Organizational Minimalist

There exist numerous individual perceptions as to how these are individually defined. For myself they became the title of a process which encompassed an increase in organizational essentialism (quality vs quantity) which in and of itself beget minimalist characteristics of elimination of the unnecessary.

To aid in this adventure, four fabric 10×10 boxes were recycled, each labelled with their singular purposes’, as listed below:

a.   Donate items still fit for use- though excess for myself.

b.   Keep items still required.

c.   Shred and Burn redundant papers.

d.   Convert necessary papers into electronic media, and then move to box c.

    The original intent was to generate a series of boxes, which were small enough to allow for easy daily use. Though my home-office was not one which could be considered needlessly cluttered, the true scope of the under-taking was one which opened my eyes- generating the before-mentioned epiphany and paradigm shift.

   As each box was filled, it was noted that regardless of how quickly I filled the box, the first 33 gallon garbage-bin filled faster. When each box had been filled, three 33 gallon garbage-bins were equally filled, and the scene before me appeared almost untouched. Sitting with a nice cup of coffee, the scene before me was studied. In this moment of reflection, a sudden epiphany spawned.

The old saying “it is the small things” could never have rang more true, than in that moment.

   The garbage-bins were filled with the smallest of items, each belonging to a previous item, no longer in the inventory, and thus of no use to anyone. How they came to be in their current position was one of either procrastination and-or expedience. They were tossed into their previous locations due to being too busy at that time, or the more prevalent “I will get back to it later,” which of course few of us ever really do; the item having been removed from memory by an over-load of other information required for that period of time.

   This generated the before mentioned paradigm-shift, of taking care of the smallest things inside their individual key moments, vs. putting them off until a forgotten later.

   Each of us is guilty of putting off the small-things for later- usually to be erased from memory.

The lesson in the garbage-bins was of taking care of the littlest thing now. Of paying attention to the smallest detail- regardless of its’ position within the larger picture. They say it is always the minutest of details which causes the issues, and in this they are correct. They pile up, small enough to not be noticed until much later, when they grow large enough to fill multiple garbage-bins, meant for much larger items.

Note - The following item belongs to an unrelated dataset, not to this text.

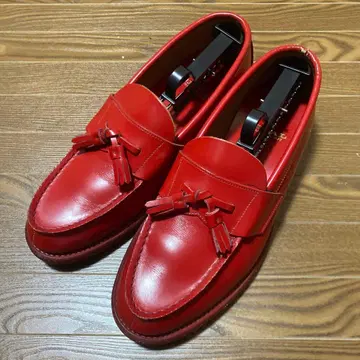 리걸 태슬 로퍼 레드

   After the first month on this journey, I looked around at the results, and found an oddly satisfying internal fulfillment and freedom; though the battle against the ever present “small-things” continues. The boxes are more readily filled, with only that of necessity and worth maintaining a prized place in the office. This experience has beget, what is quickly becoming an innate behavior of valuing items based upon their necessity vs. desire or want, and one of instant requirement vs. that of waiting for that which is needed. In this my logistical planning background bore fruition in that there should be no unfulfilled need, with rotatable and expendables being accurately forecasted, to insure a continual supply, but never a gross overabundance- especially of smaller items.

   In the above, the majority will look around at that which surrounds them, or hides in the furthest recesses of their office-desk drawers. Many will see something of their own, and a few will reach a point of decision, and begin their own individual versions of organizational minimalism. In this I would only ask that they share their experiences, and when enough have done-so, thrift shops should have an abundance to give, to those who have nothing, and the landfills will eventually have less, as we consume only that which is required vs. lust of the moment.